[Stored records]
◆ ◆ ◆ ◆ ◆ ◆ ◆
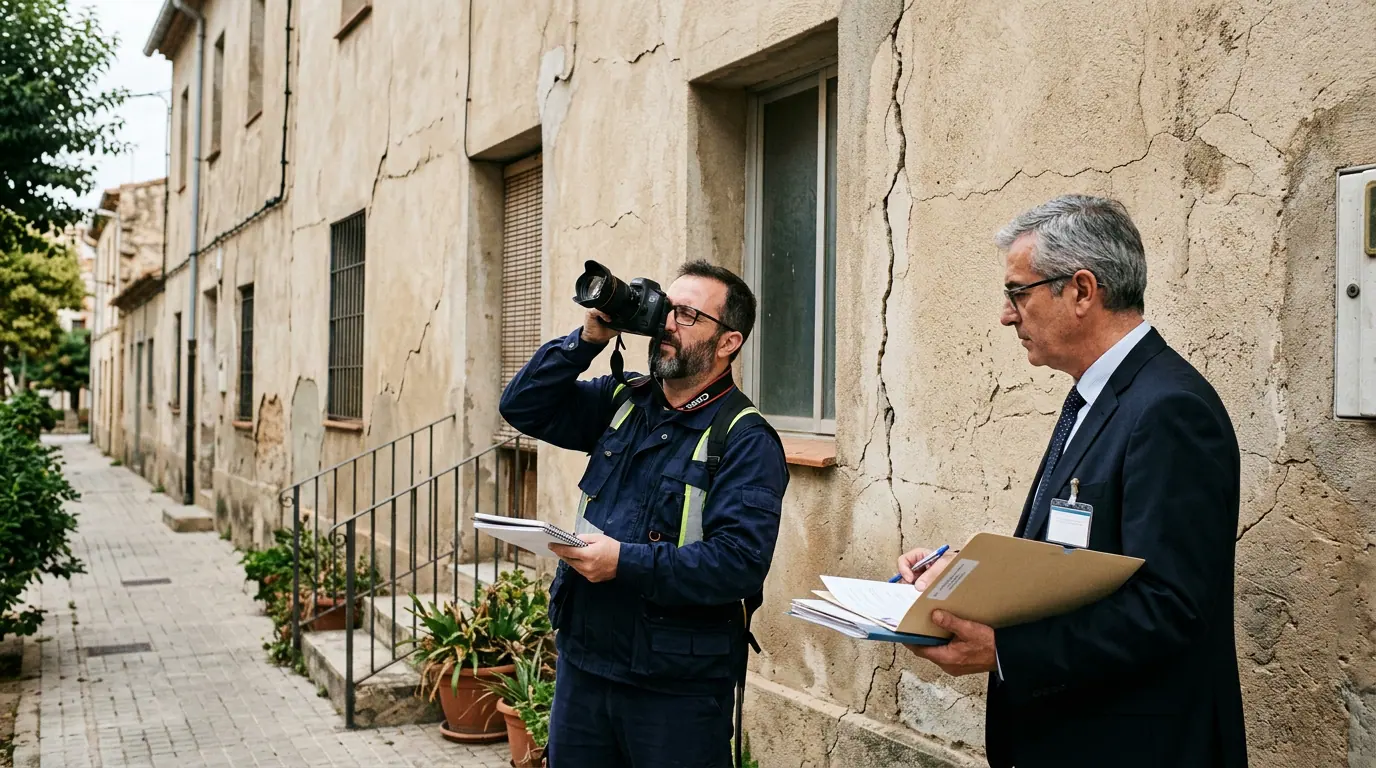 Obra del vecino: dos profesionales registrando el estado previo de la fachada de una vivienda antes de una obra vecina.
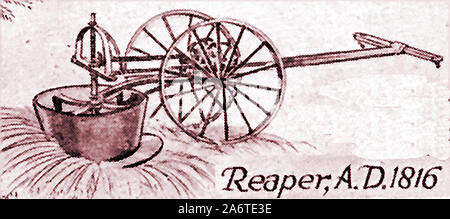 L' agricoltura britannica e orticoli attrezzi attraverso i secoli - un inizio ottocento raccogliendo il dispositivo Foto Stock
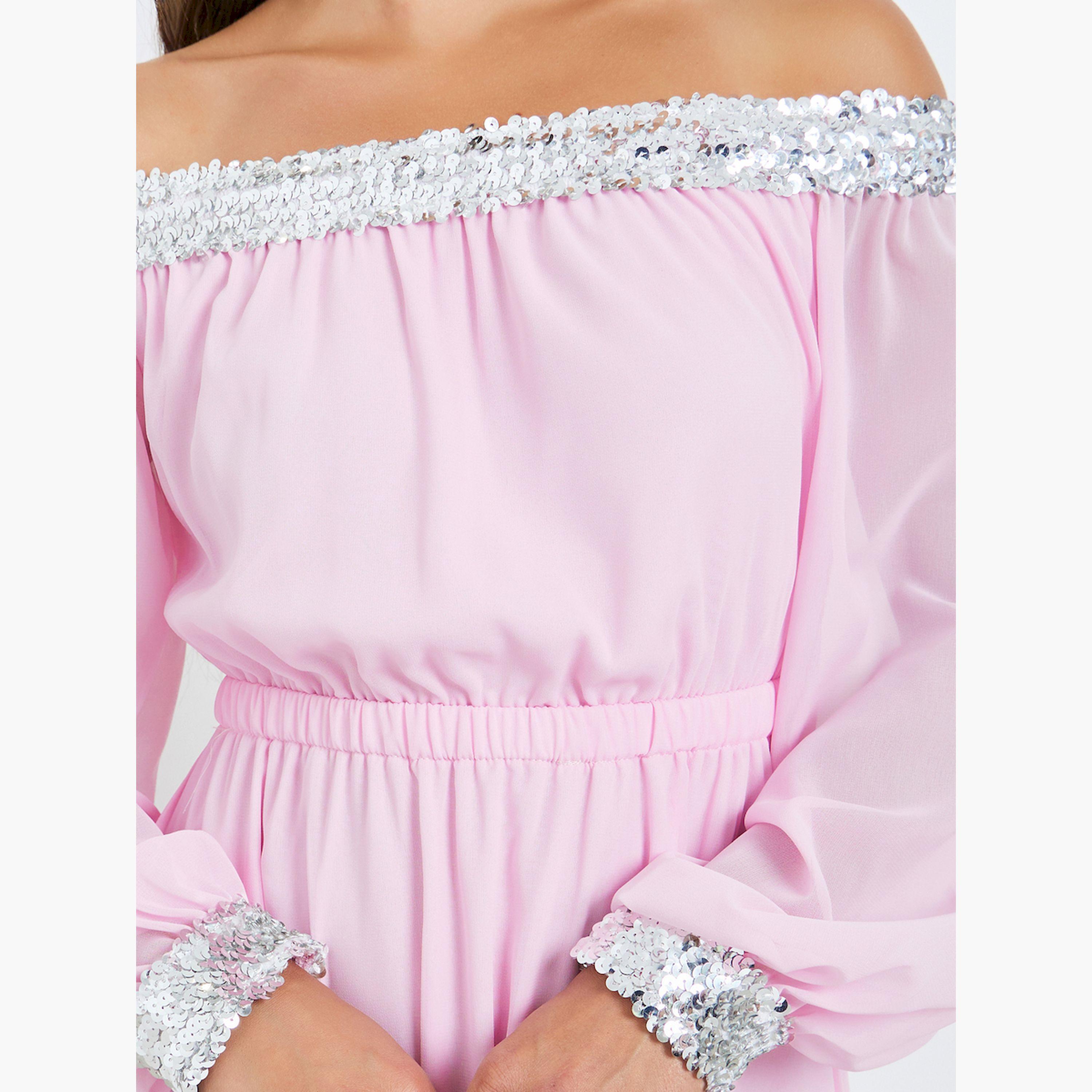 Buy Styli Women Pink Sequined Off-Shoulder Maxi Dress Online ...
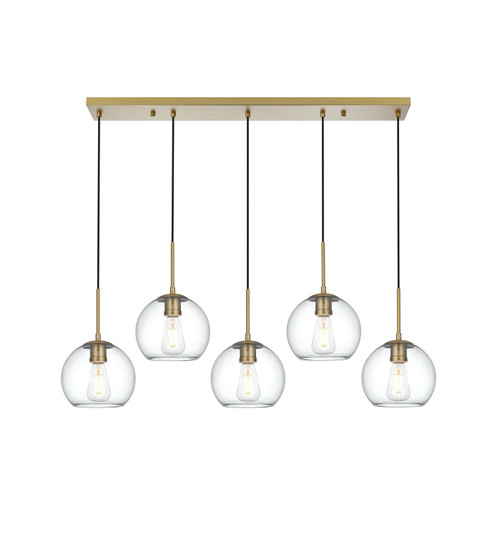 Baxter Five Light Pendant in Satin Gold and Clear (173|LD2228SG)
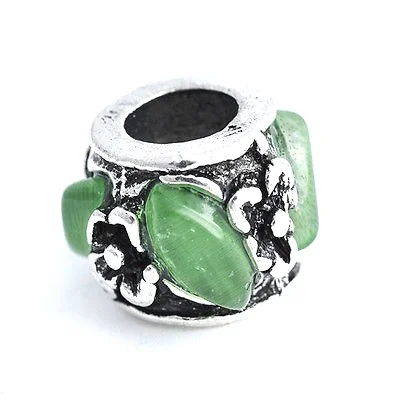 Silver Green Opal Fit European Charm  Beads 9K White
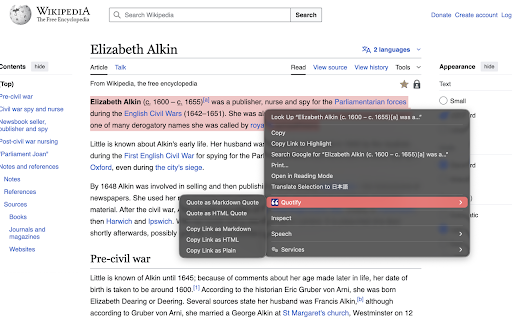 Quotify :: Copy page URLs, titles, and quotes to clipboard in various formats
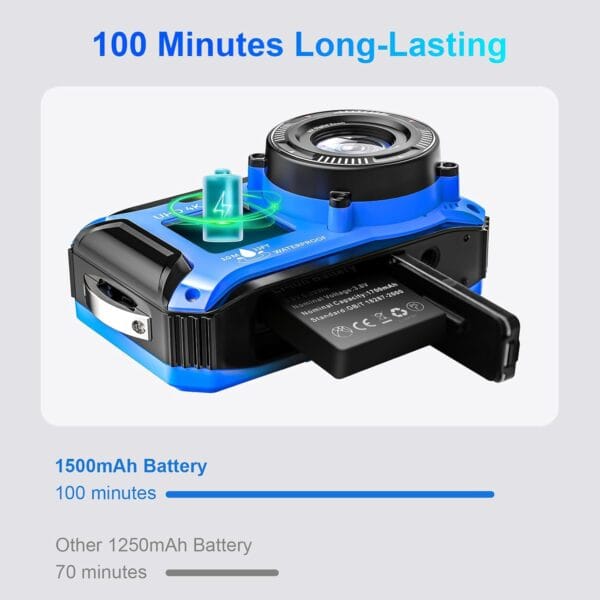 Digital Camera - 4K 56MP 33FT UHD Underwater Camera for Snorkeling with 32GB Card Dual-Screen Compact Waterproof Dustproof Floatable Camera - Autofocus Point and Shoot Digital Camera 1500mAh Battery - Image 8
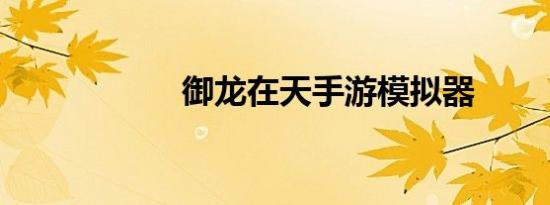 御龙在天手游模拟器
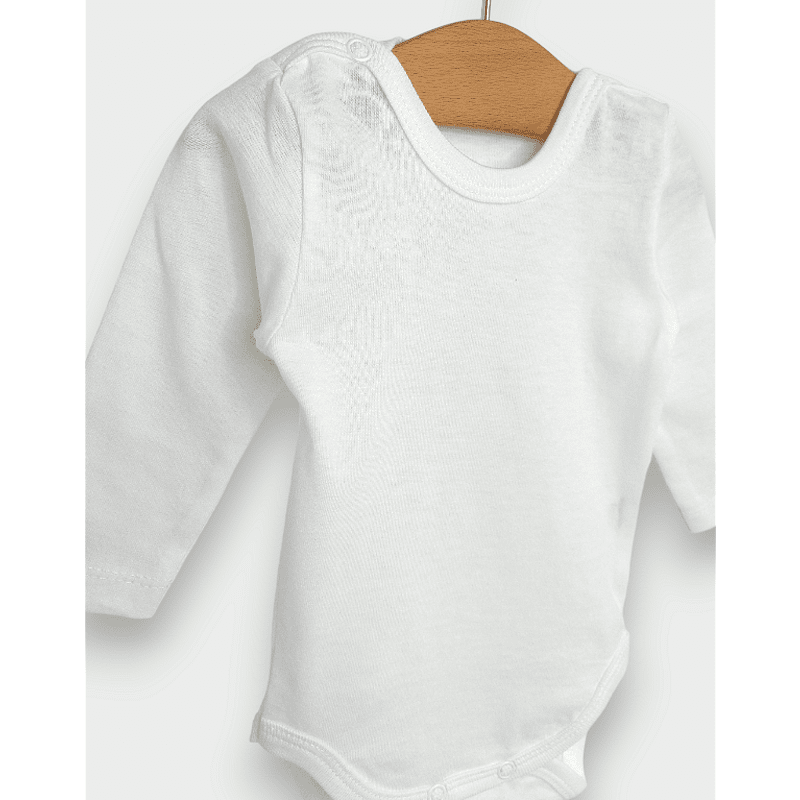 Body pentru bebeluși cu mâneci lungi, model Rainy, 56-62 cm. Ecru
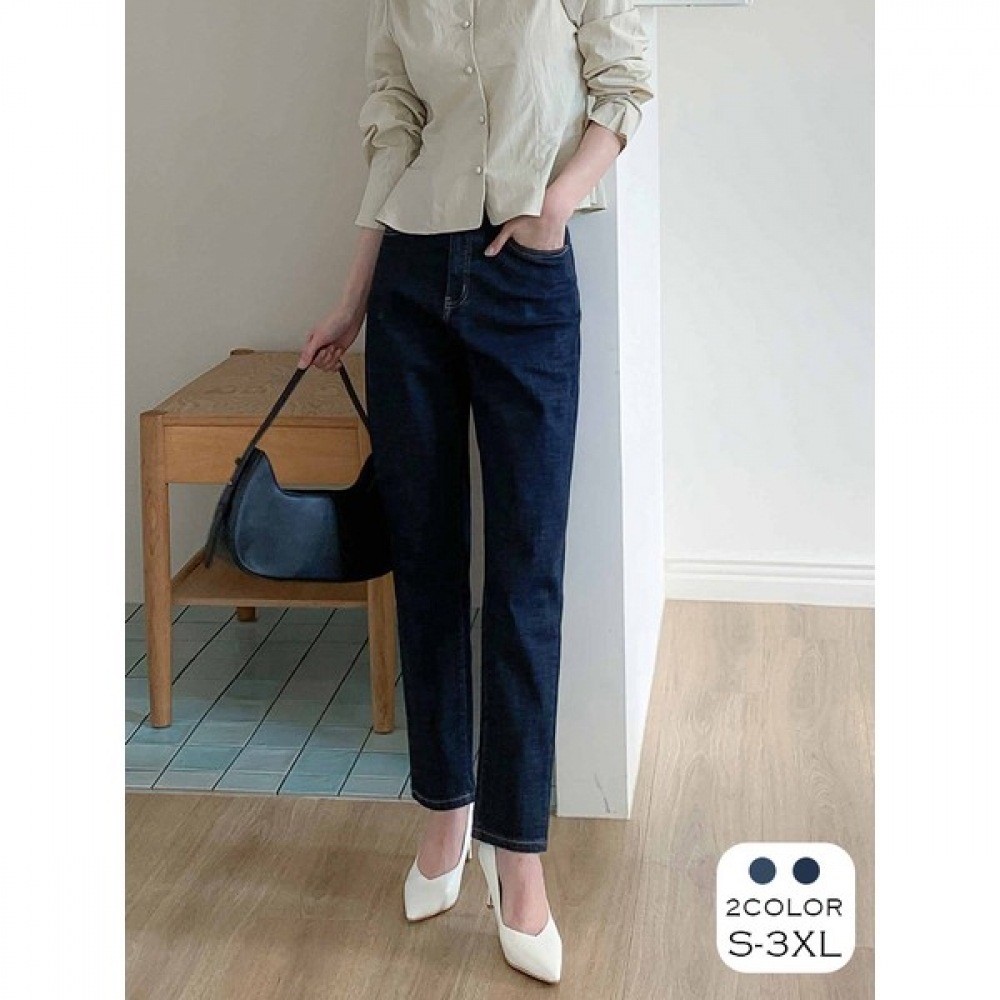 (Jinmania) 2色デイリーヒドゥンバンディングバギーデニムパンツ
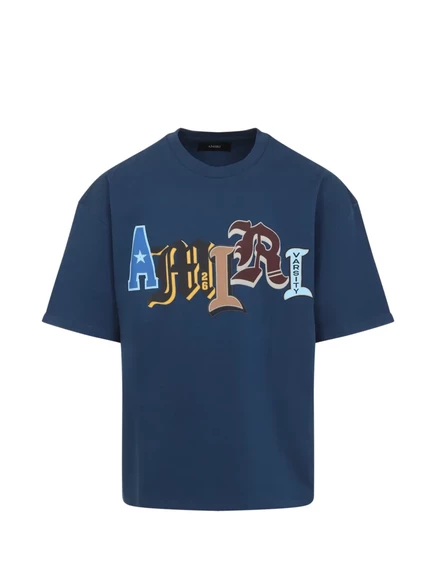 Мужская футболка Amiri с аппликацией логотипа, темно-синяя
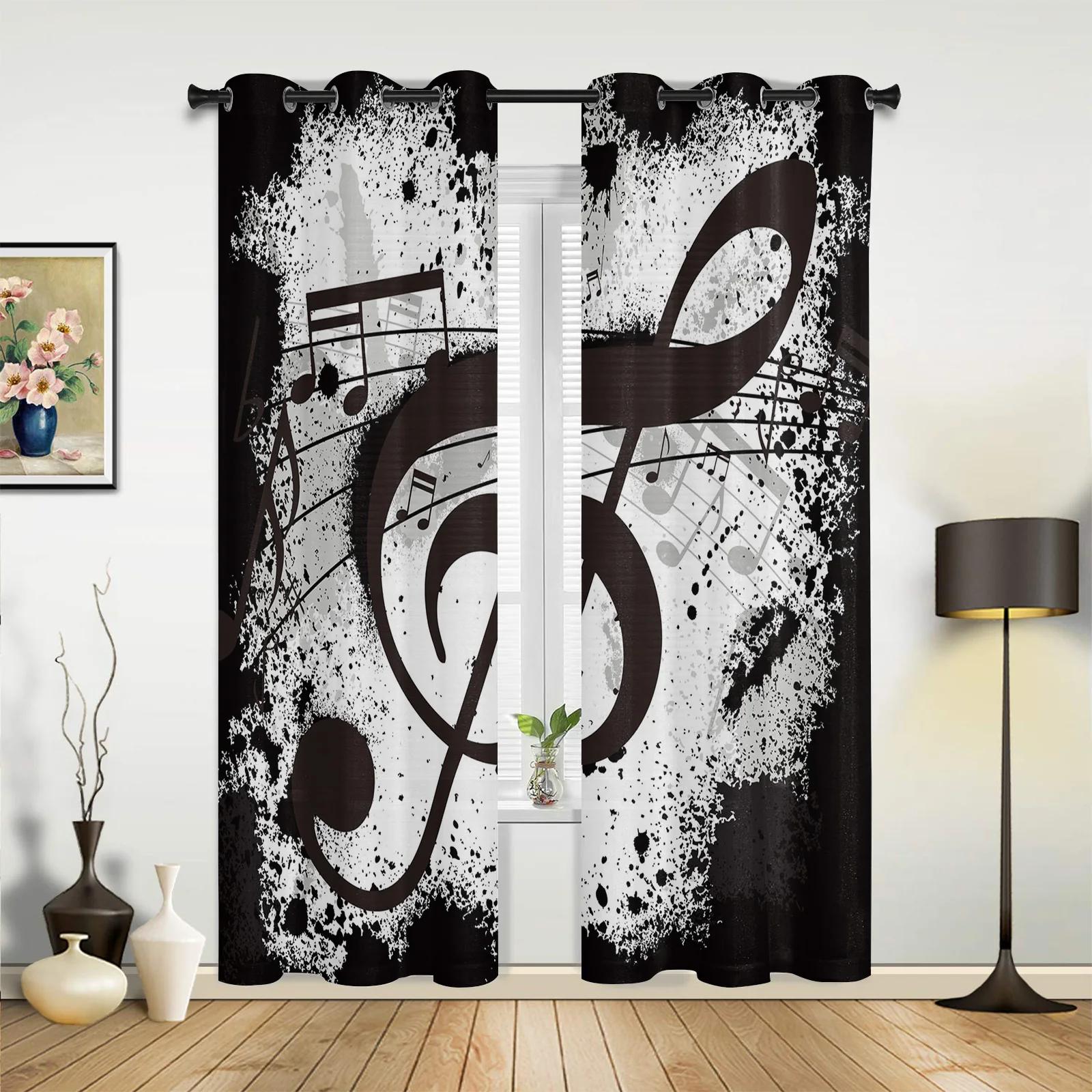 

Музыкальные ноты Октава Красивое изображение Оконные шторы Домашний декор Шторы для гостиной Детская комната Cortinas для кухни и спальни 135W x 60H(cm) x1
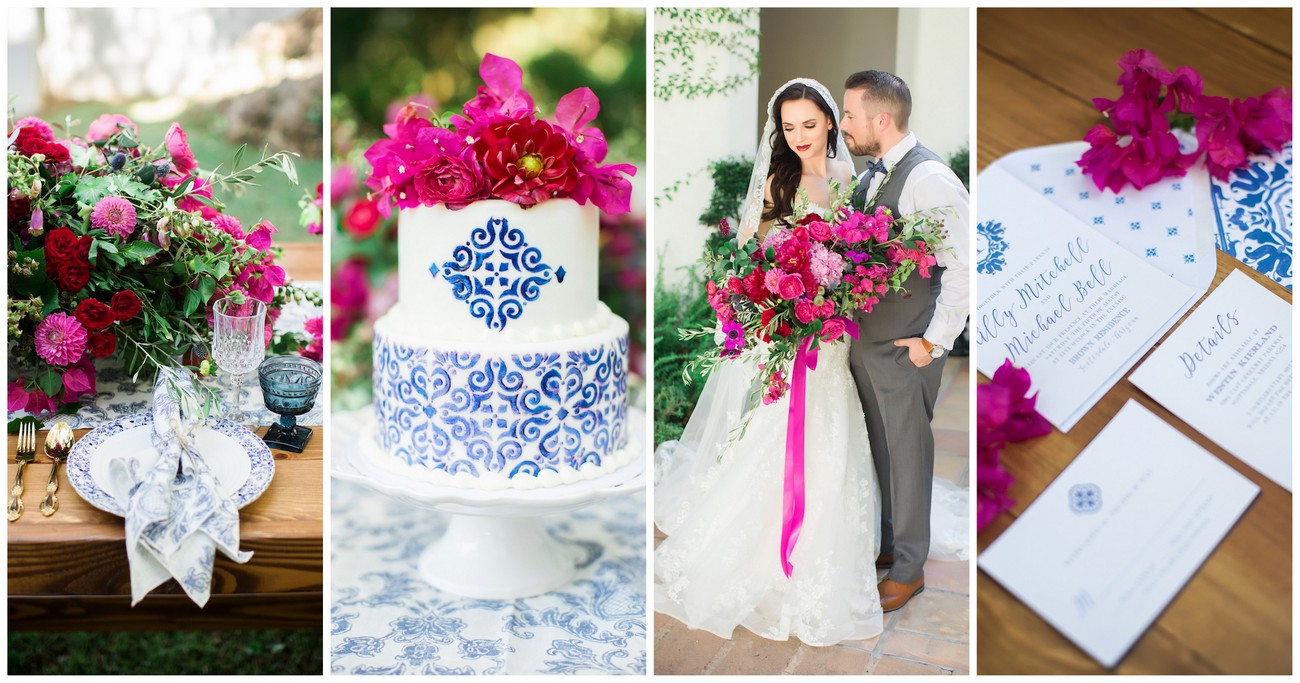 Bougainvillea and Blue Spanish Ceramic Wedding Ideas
◆ ◆ ◆ ◆ ◆ ◆ ◆
Task description — Give every record back exactly as it reads, with no images.

Your response —
 Obra del vecino: dos profesionales registrando el estado previo de la fachada de una vivienda antes de una obra vecina.
 L' agricoltura britannica e orticoli attrezzi attraverso i secoli - un inizio ottocento raccogliendo il dispositivo Foto Stock
 Buy Styli Women Pink Sequined Off-Shoulder Maxi Dress Online ...
 Baxter Five Light Pendant in Satin Gold and Clear (173|LD2228SG)
 Silver Green Opal Fit European Charm  Beads 9K White
 Quotify :: Copy page URLs, titles, and quotes to clipboard in various formats
 Digital Camera - 4K 56MP 33FT UHD Underwater Camera for Snorkeling with 32GB Card Dual-Screen Compact Waterproof Dustproof Floatable Camera - Autofocus Point and Shoot Digital Camera 1500mAh Battery - Image 8
 御龙在天手游模拟器
 Body pentru bebeluși cu mâneci lungi, model Rainy, 56-62 cm. Ecru
 (Jinmania) 2色デイリーヒドゥンバンディングバギーデニムパンツ
 Мужская футболка Amiri с аппликацией логотипа, темно-синяя

Музыкальные ноты Октава Красивое изображение Оконные шторы Домашний декор Шторы для гостиной Детская комната Cortinas для кухни и спальни 135W x 60H(cm) x1
 Bougainvillea and Blue Spanish Ceramic Wedding Ideas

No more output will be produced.